↓
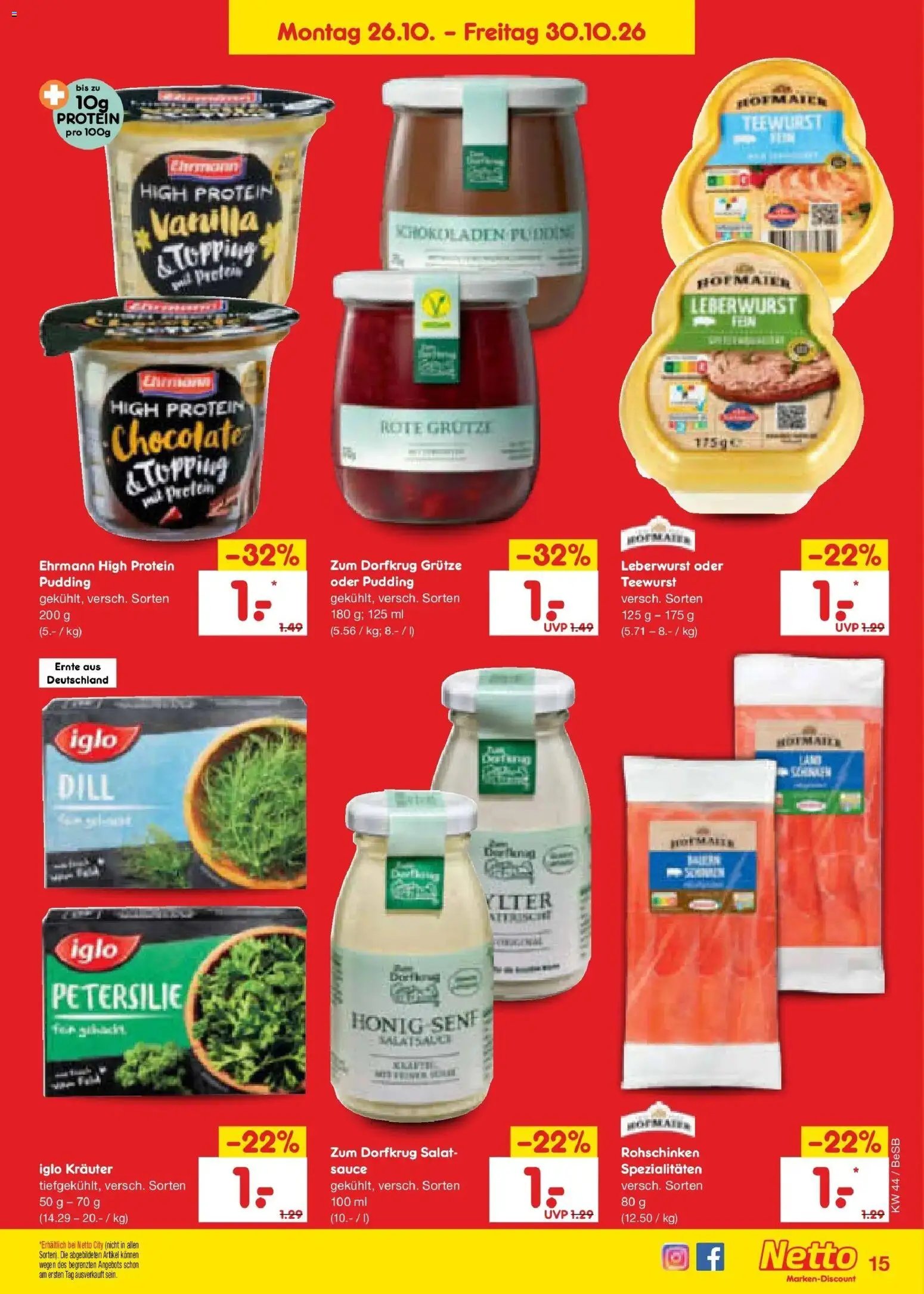 Netto Marken-Discount Prospekt Berlin-Prenzlauer Berg – gültig ab 26.10.2026 | Seite: 23 | Produkte: Iglo, Pudding, Petersilie, Dill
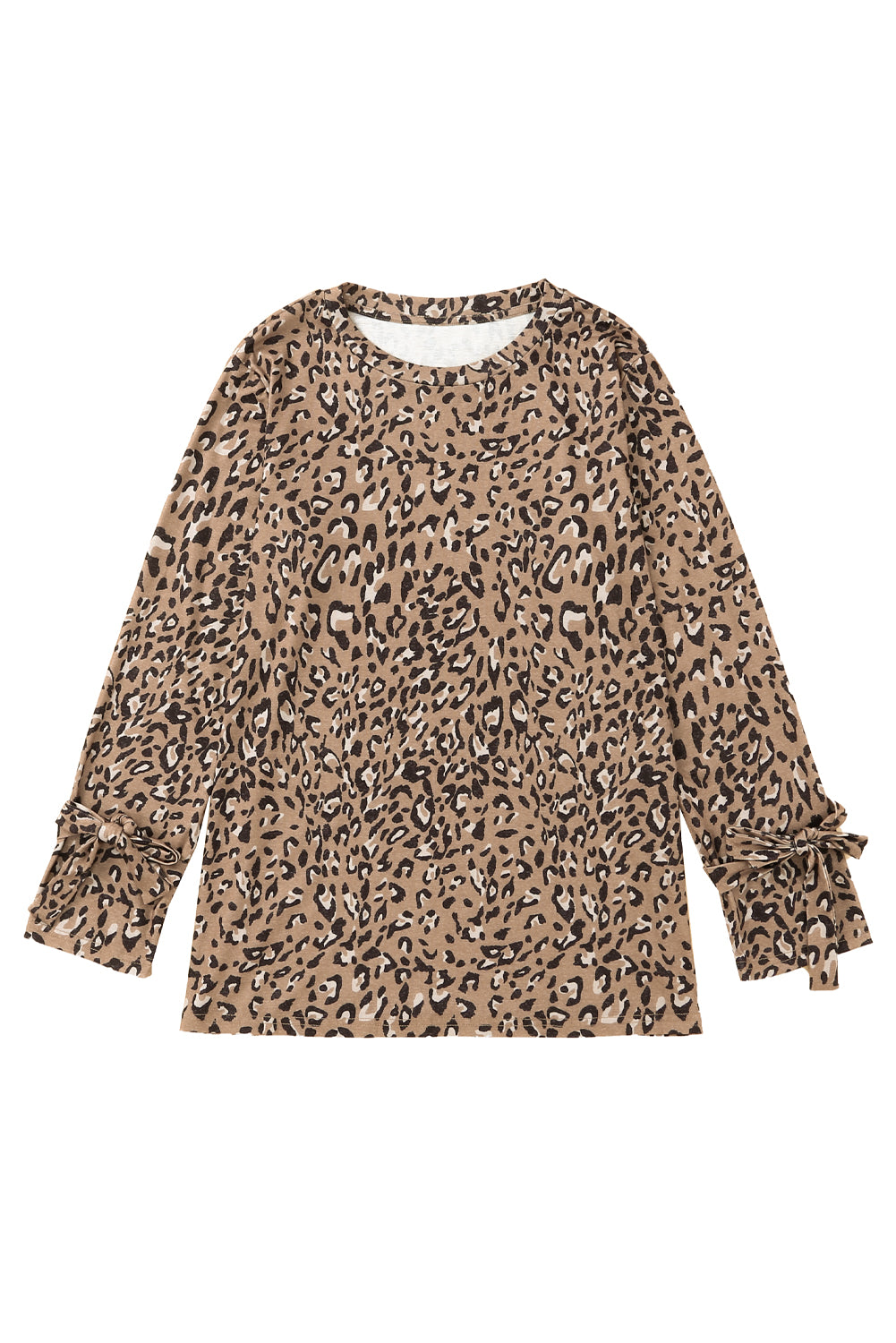 Leopard Bow Long Sleeve Blouse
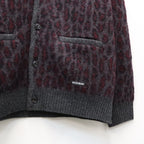 LEOPARD MOHAIR JACQUARD CARDIGAN #CHARCOAL [26FW-WMK-KN17]
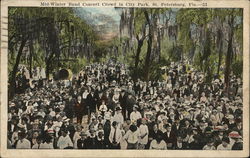 Mid-Winter Band Concert Crowd in City Park St. Petersburg, FL Postcard Postcard Postcard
↑
## Task objective
Every line of the material must be reproduced verbatim; the pictures are to be omitted.

## Result
 Netto Marken-Discount Prospekt Berlin-Prenzlauer Berg – gültig ab 26.10.2026 | Seite: 23 | Produkte: Iglo, Pudding, Petersilie, Dill
 Leopard Bow Long Sleeve Blouse
 LEOPARD MOHAIR JACQUARD CARDIGAN #CHARCOAL [26FW-WMK-KN17]
 Mid-Winter Band Concert Crowd in City Park St. Petersburg, FL Postcard Postcard Postcard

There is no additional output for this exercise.